Pendekatan kontribusi ialah, terdiri dari pengenalan pahlawan, komponen budaya,
hari libur dan elemen lain yang berhubungan dengan kelompok etnis ditambahkan
pada kurikulum tanpa mengubah strukturnya. Pendekatan aditif ialah, terdiri
dari penambahan materi, konsep, tema, dan perspektif ke dalam kurikulum, dengan
strukturnya yang tetap tidak berubah. Pada pencapaian pendekatan level ke 2 ini
merupakan pendekatan yang mendasar dalam pendidikan multikultural. Karena peserta
didik hanya diajak untuk mengenal dan memahami keragaman budaya dalam setiap
masing-masing kelompok. Belum sampai kepada penambahan isu-isu dan tema ke
dalam kurikulum, dan juga belum sampai melakukan aksi sosial. Manfaat dari
teori Banks dalam pencapaian pendekatan level ke 2 ini, untuk membantu peserta
didik agar cakap berpartisipasi penuh dalam kehidupan masyarakat secara
kreatif, inovatif dan imaginatif. Juga untuk membantu peserta didik memiliki
sikap dan prilaku positif, arif dan kritis dalam menghadapi keberagaman budaya,
suku, ras, agama, dan juga kategori yang direkontruksi secara sosial, seperti
gender, dan kelas sosial.
Pelaksanaan Pendidikan Agama
Kristen di Sekolah SMK Tarunatama menerapkan nilai-nilai Kristiani yang secara
universal atau setiap peserta didik mampu menerimanya. Dalam proses pelaksanaan
belajar mengajar, nilai-nilai tersebut muncul dalam mata pelajaran Pendidikan
Agama Kristen maupun mata pelajaran lainnya. Sehingga nilai-nilai tersebut
dijadikan alat ukur untuk mengetahui kemampuan peserta didik dalam proses
tindakan dan prilaku yang dilakukan di Sekolah maupun di luar Sekolah.

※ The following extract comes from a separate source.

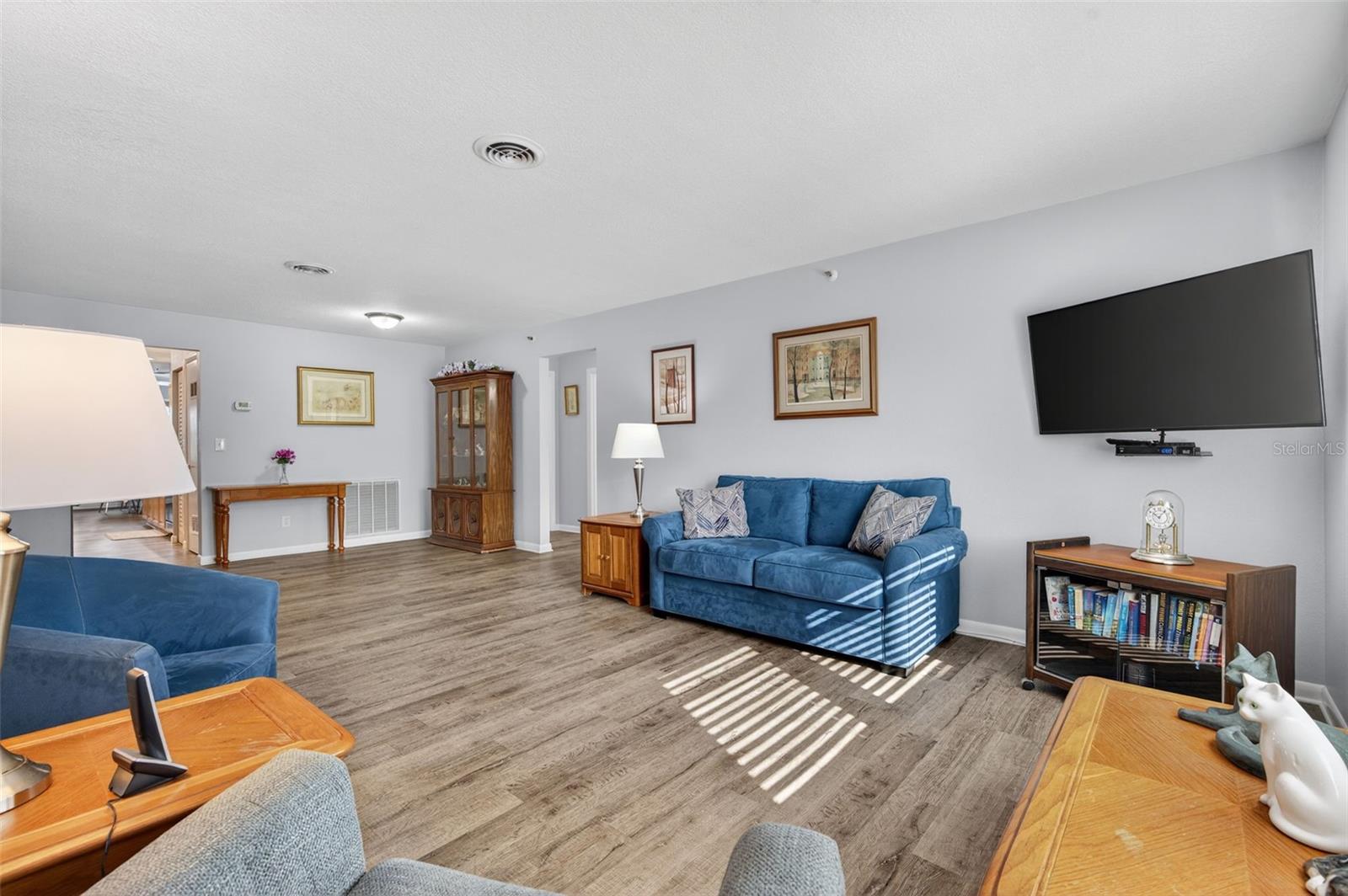 Image 4 of 52 For 8186 Terrace Garden Drive N 307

Pendidikan Agama Kristen sebagai
salah satu mata pelajaran wajib dalam kurikulum nasional, yang dilaksanakan di
sekolah-sekolah merupakan salah satu sarana untuk mendidik anak agar dapat
meneladani Yesus Kristus dalam sikap
hidupnya. Diharapkan peserta didik dapat lebih mengasihi Allah serta dapat
menunjukan kasih itu kepada sesama dan ciptaan-Nya dalam kehidupan sehari-hari.
Dengan pelaksanaan Pendidikan Agama Kristen yang efektif dan efisien, maka
proses pendidikan akan tetap pada sasaran. Pendidikan Agama Kristen yang
dilaksanakan di sekolah diharapkan bukan sekedar hanya penambahan informasi dan
pengetahuan tetapi termasuk juga penanaman nilai-nilai kekristenan, dalam
rangka pembentukan kepribadian. Dengan demikian Pendidikan Agama Kristen
Multikultural akan membentuk iman pribadi peserta didik, dan sekaligus membantu
untuk berpikir kritis, reflektif, dan kreatif atas kenyataan hidup pserta didik
yang bersifat majemuk dan pluralis.
5.2
Refleksi Teologis
Setiap orang ditekankan untuk saling menghargai dan
menghormati setiap suku, agama, ras dan kebudayaan yang ada di masyarakat.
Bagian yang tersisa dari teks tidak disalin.